Hampir semua warga di Indonesia yang menjadi responden jajak pendapat oleh BBC World Service mengaku khawatir dengan makin kaburnya perbedaan antara hoaks (berita bohong atau berita palsu) dan berita asli yang beredar di internet.
Proporsi responden yang mengaku khawatir tersebut mencapai 90%, salah satu yang tertinggi dari 18 negara yang disurvei oleh BBC World Service.
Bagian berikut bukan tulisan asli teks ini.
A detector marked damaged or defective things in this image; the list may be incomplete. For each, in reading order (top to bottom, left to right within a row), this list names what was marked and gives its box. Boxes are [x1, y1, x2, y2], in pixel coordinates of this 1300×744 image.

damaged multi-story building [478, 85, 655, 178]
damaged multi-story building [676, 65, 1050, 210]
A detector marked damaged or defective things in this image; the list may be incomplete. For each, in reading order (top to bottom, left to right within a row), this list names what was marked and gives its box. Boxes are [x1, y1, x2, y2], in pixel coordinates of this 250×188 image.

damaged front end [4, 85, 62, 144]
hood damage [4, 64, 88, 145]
Hanya Brasil yang mencatat angka lebih tinggi, yaitu 92%.
Yang juga banyak mengaku khawatir dengan sulitnya menentukan apakah berita di internet asli atau palsu adalah Nigeria dengan angka 88% dan Kenya, 85%.
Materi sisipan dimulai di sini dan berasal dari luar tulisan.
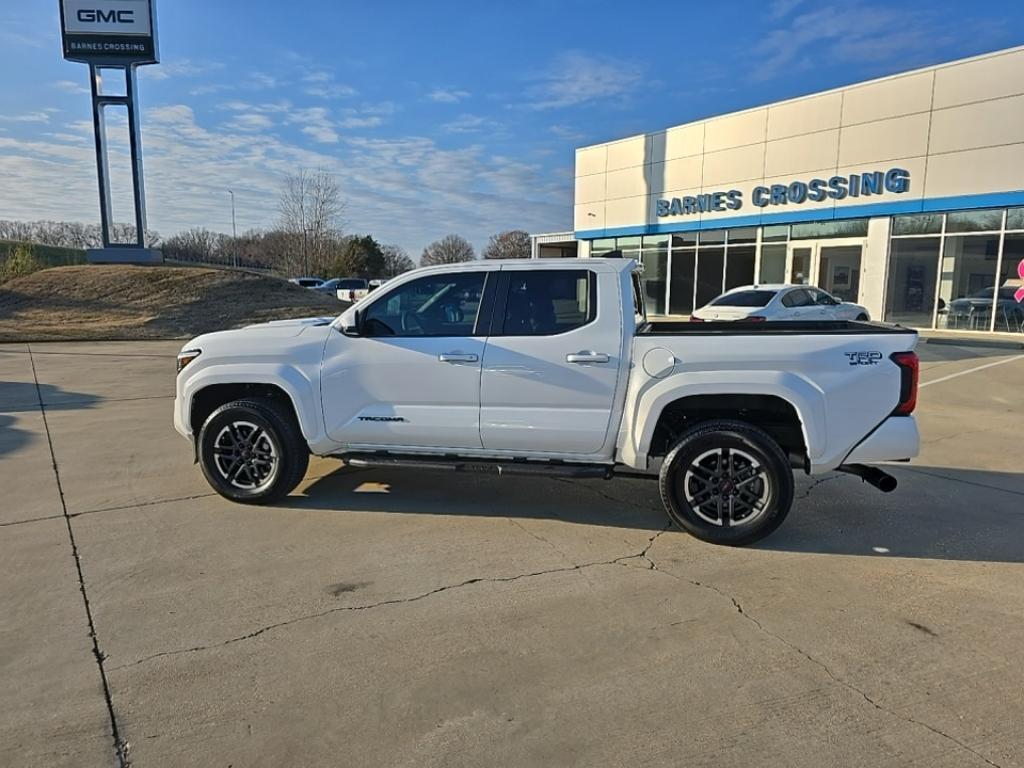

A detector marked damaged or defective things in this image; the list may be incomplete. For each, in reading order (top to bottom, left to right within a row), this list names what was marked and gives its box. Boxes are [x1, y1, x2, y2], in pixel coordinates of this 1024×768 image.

crack in concrete [26, 348, 132, 768]
crack in concrete [112, 528, 679, 671]
crack in concrete [651, 561, 1003, 768] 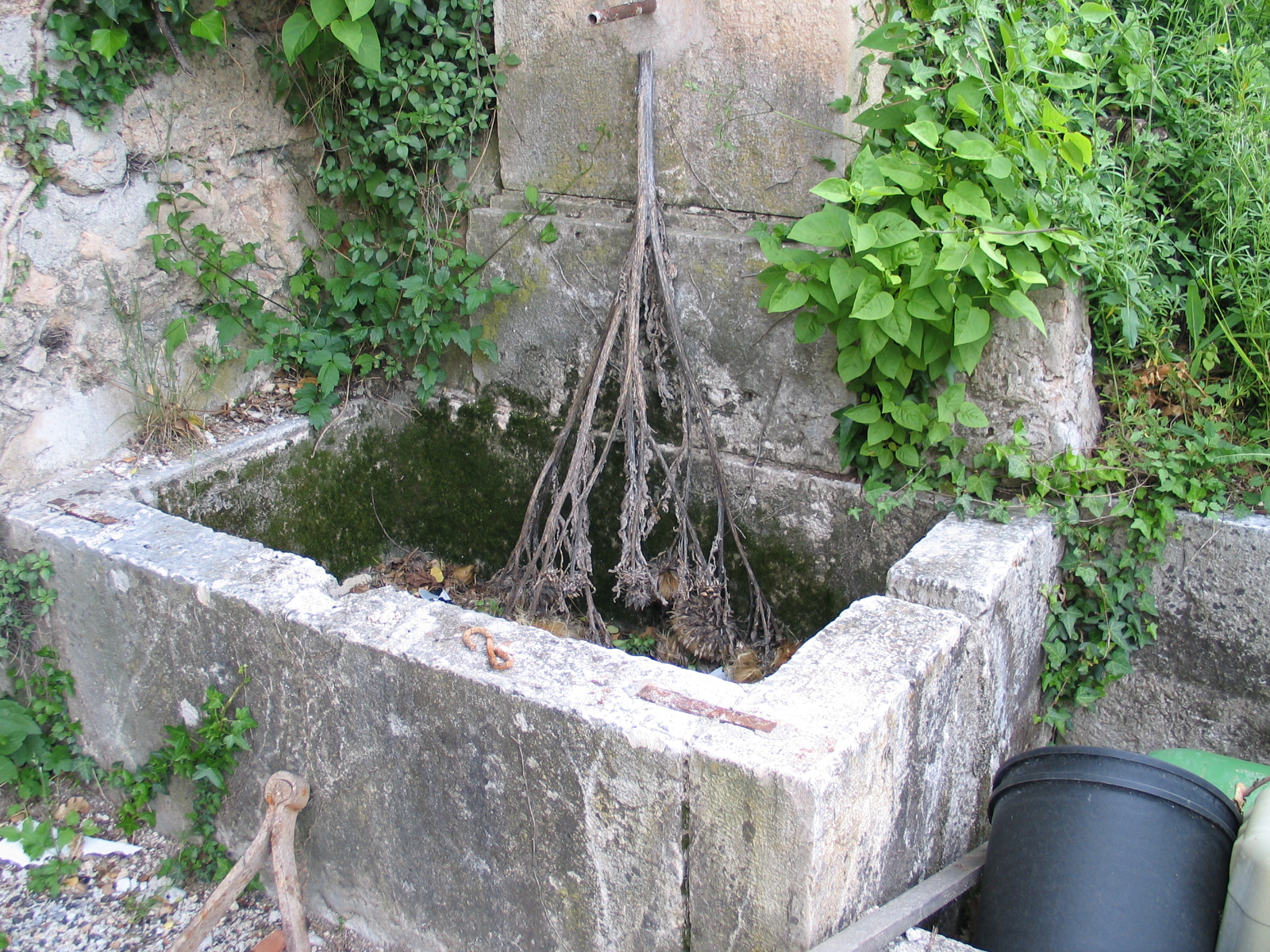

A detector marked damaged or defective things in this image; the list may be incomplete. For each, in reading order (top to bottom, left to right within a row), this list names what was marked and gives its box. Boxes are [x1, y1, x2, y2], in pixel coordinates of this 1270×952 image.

rusty metal bar [587, 0, 655, 25]
orange rusty chain link [464, 627, 513, 670]
rusty metal hook [168, 777, 312, 952]
orange rusty chain link [170, 777, 311, 952] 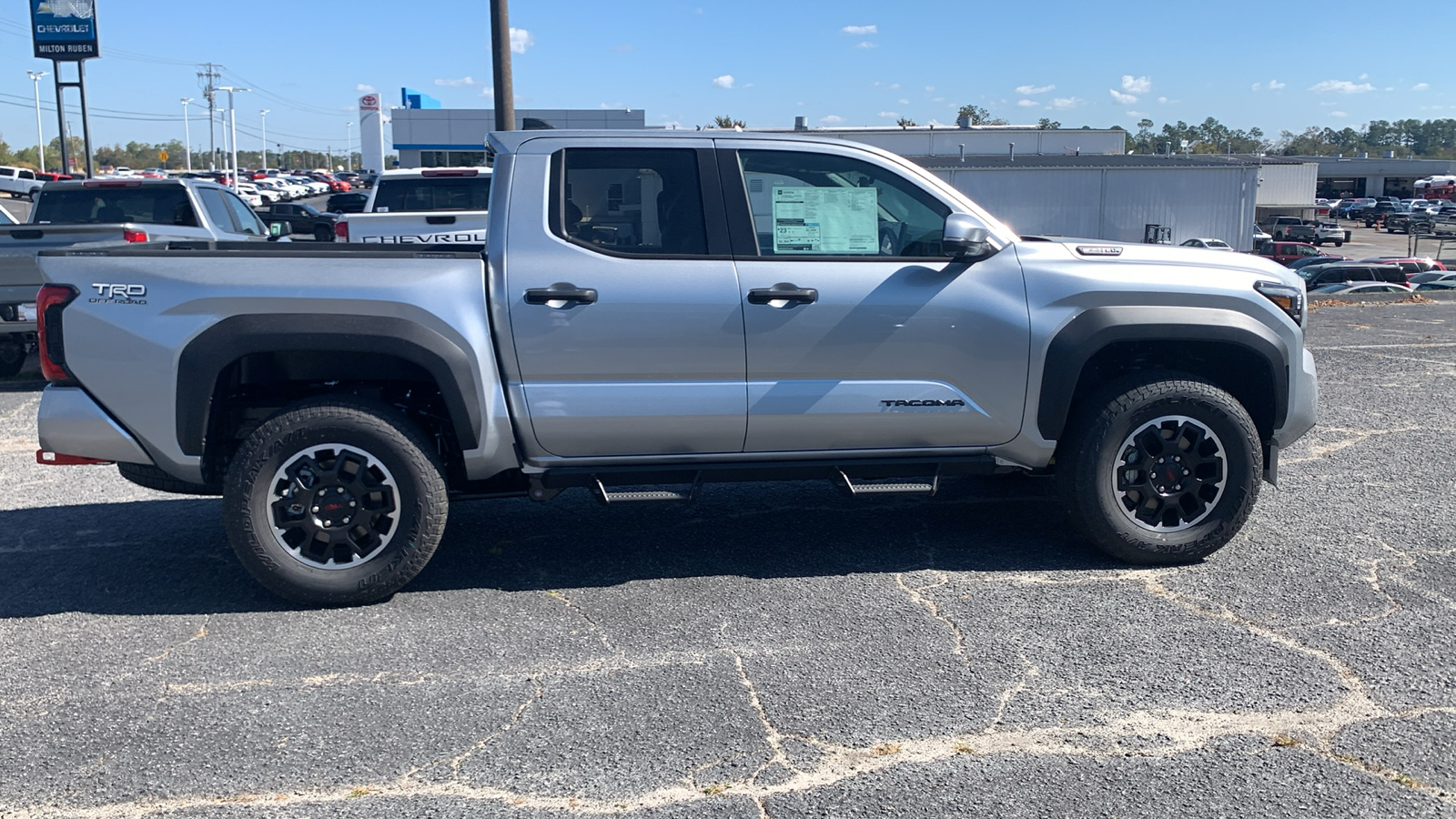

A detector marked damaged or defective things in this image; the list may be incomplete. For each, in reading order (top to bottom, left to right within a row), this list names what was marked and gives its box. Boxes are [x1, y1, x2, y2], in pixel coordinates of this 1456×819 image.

cracked asphalt [3, 299, 1456, 815]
Wartawan teknologi BBC, Rory Cellan-Jones, mengatakan perkembangan ini terjadi ketika istilah hoaks dan fake news (berita palsu) makin populer dalam setahun ini di banyak negara di dunia, termasuk Amerika Serikat dan Indonesia.
Hoaks antara lain dipakai untuk menyerang lawan politik atau meraup suara ketika digelar pemilihan umum.
Saat digelar rangkaian pemilihan presiden di Amerika Serikat tahun lalu, sekumpulan anak-anak muda di Macedonia secara khusus memproduksi ratusan mungkin ribuan hoa semata-mata untuk meraup dolar.
Hoaks, yang biasanya bombastis dan sensasional, banyak dibagikan di platform media sosial seperti Facebook, yang ujungnya membuat pihak yang membuat berita bohong mendapatkan banyak pemasukan dari iklan.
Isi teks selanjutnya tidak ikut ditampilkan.